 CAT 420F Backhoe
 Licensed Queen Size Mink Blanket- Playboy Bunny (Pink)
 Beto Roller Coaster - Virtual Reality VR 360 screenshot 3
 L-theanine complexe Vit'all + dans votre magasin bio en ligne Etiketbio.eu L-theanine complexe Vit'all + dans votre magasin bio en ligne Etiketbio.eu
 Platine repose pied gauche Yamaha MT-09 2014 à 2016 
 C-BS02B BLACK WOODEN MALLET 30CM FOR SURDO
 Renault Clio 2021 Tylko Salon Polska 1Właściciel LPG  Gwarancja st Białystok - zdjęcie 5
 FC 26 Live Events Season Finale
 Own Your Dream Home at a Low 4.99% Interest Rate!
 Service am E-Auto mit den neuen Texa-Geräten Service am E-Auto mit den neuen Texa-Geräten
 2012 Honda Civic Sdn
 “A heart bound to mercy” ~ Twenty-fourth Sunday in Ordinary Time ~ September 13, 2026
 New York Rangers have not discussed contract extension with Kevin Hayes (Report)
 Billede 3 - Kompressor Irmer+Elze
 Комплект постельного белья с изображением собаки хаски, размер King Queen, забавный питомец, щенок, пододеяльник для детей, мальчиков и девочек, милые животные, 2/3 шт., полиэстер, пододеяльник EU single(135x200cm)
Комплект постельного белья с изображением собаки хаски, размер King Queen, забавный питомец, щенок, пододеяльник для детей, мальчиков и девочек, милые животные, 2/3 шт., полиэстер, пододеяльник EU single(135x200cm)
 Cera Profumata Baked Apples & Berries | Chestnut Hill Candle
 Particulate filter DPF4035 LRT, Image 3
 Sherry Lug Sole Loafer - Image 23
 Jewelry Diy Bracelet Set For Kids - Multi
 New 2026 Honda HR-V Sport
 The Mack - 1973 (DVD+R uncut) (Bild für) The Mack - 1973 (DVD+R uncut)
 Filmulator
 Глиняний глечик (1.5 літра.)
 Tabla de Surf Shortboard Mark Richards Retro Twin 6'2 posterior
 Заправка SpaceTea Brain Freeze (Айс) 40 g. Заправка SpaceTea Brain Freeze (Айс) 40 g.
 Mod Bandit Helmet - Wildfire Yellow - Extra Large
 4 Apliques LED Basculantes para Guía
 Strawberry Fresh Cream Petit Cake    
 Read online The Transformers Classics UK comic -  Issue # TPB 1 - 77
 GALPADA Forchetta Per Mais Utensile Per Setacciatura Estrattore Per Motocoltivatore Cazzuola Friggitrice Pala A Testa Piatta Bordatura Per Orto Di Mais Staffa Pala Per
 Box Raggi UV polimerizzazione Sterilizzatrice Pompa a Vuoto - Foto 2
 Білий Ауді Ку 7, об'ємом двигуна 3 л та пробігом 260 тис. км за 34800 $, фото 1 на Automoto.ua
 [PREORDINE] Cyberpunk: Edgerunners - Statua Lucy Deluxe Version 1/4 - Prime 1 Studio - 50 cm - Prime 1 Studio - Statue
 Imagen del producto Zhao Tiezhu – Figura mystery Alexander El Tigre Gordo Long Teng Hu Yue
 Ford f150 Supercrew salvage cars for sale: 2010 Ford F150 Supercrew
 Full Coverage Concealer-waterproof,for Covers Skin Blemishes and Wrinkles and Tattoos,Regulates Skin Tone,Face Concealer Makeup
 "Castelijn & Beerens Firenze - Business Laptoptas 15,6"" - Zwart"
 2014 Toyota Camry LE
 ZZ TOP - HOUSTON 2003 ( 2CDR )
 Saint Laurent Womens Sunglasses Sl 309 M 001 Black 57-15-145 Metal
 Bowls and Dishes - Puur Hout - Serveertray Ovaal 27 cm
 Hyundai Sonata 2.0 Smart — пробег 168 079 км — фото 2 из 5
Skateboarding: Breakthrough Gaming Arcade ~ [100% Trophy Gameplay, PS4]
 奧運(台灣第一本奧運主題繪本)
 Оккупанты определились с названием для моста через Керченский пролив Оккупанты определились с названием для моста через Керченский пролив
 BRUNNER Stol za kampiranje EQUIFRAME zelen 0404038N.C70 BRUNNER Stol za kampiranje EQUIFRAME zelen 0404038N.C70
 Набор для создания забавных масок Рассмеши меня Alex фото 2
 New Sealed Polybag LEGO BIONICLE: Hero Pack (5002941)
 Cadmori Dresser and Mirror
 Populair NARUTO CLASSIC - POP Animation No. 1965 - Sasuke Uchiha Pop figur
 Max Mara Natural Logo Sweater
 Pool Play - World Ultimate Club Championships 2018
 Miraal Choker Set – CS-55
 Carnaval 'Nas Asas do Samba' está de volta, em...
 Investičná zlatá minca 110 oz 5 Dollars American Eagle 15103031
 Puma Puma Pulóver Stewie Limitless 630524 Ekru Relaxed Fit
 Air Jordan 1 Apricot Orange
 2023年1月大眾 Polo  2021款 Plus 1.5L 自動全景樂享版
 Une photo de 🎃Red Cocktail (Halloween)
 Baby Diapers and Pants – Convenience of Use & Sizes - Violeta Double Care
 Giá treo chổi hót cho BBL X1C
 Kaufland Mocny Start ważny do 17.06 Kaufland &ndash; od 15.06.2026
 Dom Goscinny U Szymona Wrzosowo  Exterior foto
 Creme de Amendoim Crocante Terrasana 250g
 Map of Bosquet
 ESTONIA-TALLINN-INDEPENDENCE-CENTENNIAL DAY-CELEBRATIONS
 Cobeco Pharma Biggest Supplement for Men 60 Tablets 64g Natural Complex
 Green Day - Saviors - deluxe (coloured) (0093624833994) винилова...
#####
What is required:
Output all preceding records character for character.

Response to this exercise:
 CAT 420F Backhoe
 Licensed Queen Size Mink Blanket- Playboy Bunny (Pink)
 Beto Roller Coaster - Virtual Reality VR 360 screenshot 3
 L-theanine complexe Vit'all + dans votre magasin bio en ligne Etiketbio.eu L-theanine complexe Vit'all + dans votre magasin bio en ligne Etiketbio.eu
 Platine repose pied gauche Yamaha MT-09 2014 à 2016 
 C-BS02B BLACK WOODEN MALLET 30CM FOR SURDO
 Renault Clio 2021 Tylko Salon Polska 1Właściciel LPG  Gwarancja st Białystok - zdjęcie 5
 FC 26 Live Events Season Finale
 Own Your Dream Home at a Low 4.99% Interest Rate!
 Service am E-Auto mit den neuen Texa-Geräten Service am E-Auto mit den neuen Texa-Geräten
 2012 Honda Civic Sdn
 “A heart bound to mercy” ~ Twenty-fourth Sunday in Ordinary Time ~ September 13, 2026
 New York Rangers have not discussed contract extension with Kevin Hayes (Report)
 Billede 3 - Kompressor Irmer+Elze
 Комплект постельного белья с изображением собаки хаски, размер King Queen, забавный питомец, щенок, пододеяльник для детей, мальчиков и девочек, милые животные, 2/3 шт., полиэстер, пододеяльник EU single(135x200cm)
Комплект постельного белья с изображением собаки хаски, размер King Queen, забавный питомец, щенок, пододеяльник для детей, мальчиков и девочек, милые животные, 2/3 шт., полиэстер, пододеяльник EU single(135x200cm)
 Cera Profumata Baked Apples & Berries | Chestnut Hill Candle
 Particulate filter DPF4035 LRT, Image 3
 Sherry Lug Sole Loafer - Image 23
 Jewelry Diy Bracelet Set For Kids - Multi
 New 2026 Honda HR-V Sport
 The Mack - 1973 (DVD+R uncut) (Bild für) The Mack - 1973 (DVD+R uncut)
 Filmulator
 Глиняний глечик (1.5 літра.)
 Tabla de Surf Shortboard Mark Richards Retro Twin 6'2 posterior
 Заправка SpaceTea Brain Freeze (Айс) 40 g. Заправка SpaceTea Brain Freeze (Айс) 40 g.
 Mod Bandit Helmet - Wildfire Yellow - Extra Large
 4 Apliques LED Basculantes para Guía
 Strawberry Fresh Cream Petit Cake    
 Read online The Transformers Classics UK comic -  Issue # TPB 1 - 77
 GALPADA Forchetta Per Mais Utensile Per Setacciatura Estrattore Per Motocoltivatore Cazzuola Friggitrice Pala A Testa Piatta Bordatura Per Orto Di Mais Staffa Pala Per
 Box Raggi UV polimerizzazione Sterilizzatrice Pompa a Vuoto - Foto 2
 Білий Ауді Ку 7, об'ємом двигуна 3 л та пробігом 260 тис. км за 34800 $, фото 1 на Automoto.ua
 [PREORDINE] Cyberpunk: Edgerunners - Statua Lucy Deluxe Version 1/4 - Prime 1 Studio - 50 cm - Prime 1 Studio - Statue
 Imagen del producto Zhao Tiezhu – Figura mystery Alexander El Tigre Gordo Long Teng Hu Yue
 Ford f150 Supercrew salvage cars for sale: 2010 Ford F150 Supercrew
 Full Coverage Concealer-waterproof,for Covers Skin Blemishes and Wrinkles and Tattoos,Regulates Skin Tone,Face Concealer Makeup
 "Castelijn & Beerens Firenze - Business Laptoptas 15,6"" - Zwart"
 2014 Toyota Camry LE
 ZZ TOP - HOUSTON 2003 ( 2CDR )
 Saint Laurent Womens Sunglasses Sl 309 M 001 Black 57-15-145 Metal
 Bowls and Dishes - Puur Hout - Serveertray Ovaal 27 cm
 Hyundai Sonata 2.0 Smart — пробег 168 079 км — фото 2 из 5
Skateboarding: Breakthrough Gaming Arcade ~ [100% Trophy Gameplay, PS4]
 奧運(台灣第一本奧運主題繪本)
 Оккупанты определились с названием для моста через Керченский пролив Оккупанты определились с названием для моста через Керченский пролив
 BRUNNER Stol za kampiranje EQUIFRAME zelen 0404038N.C70 BRUNNER Stol za kampiranje EQUIFRAME zelen 0404038N.C70
 Набор для создания забавных масок Рассмеши меня Alex фото 2
 New Sealed Polybag LEGO BIONICLE: Hero Pack (5002941)
 Cadmori Dresser and Mirror
 Populair NARUTO CLASSIC - POP Animation No. 1965 - Sasuke Uchiha Pop figur
 Max Mara Natural Logo Sweater
 Pool Play - World Ultimate Club Championships 2018
 Miraal Choker Set – CS-55
 Carnaval 'Nas Asas do Samba' está de volta, em...
 Investičná zlatá minca 110 oz 5 Dollars American Eagle 15103031
 Puma Puma Pulóver Stewie Limitless 630524 Ekru Relaxed Fit
 Air Jordan 1 Apricot Orange
 2023年1月大眾 Polo  2021款 Plus 1.5L 自動全景樂享版
 Une photo de 🎃Red Cocktail (Halloween)
 Baby Diapers and Pants – Convenience of Use & Sizes - Violeta Double Care
 Giá treo chổi hót cho BBL X1C
 Kaufland Mocny Start ważny do 17.06 Kaufland &ndash; od 15.06.2026
 Dom Goscinny U Szymona Wrzosowo  Exterior foto
 Creme de Amendoim Crocante Terrasana 250g
 Map of Bosquet
 ESTONIA-TALLINN-INDEPENDENCE-CENTENNIAL DAY-CELEBRATIONS
 Cobeco Pharma Biggest Supplement for Men 60 Tablets 64g Natural Complex
 Green Day - Saviors - deluxe (coloured) (0093624833994) винилова...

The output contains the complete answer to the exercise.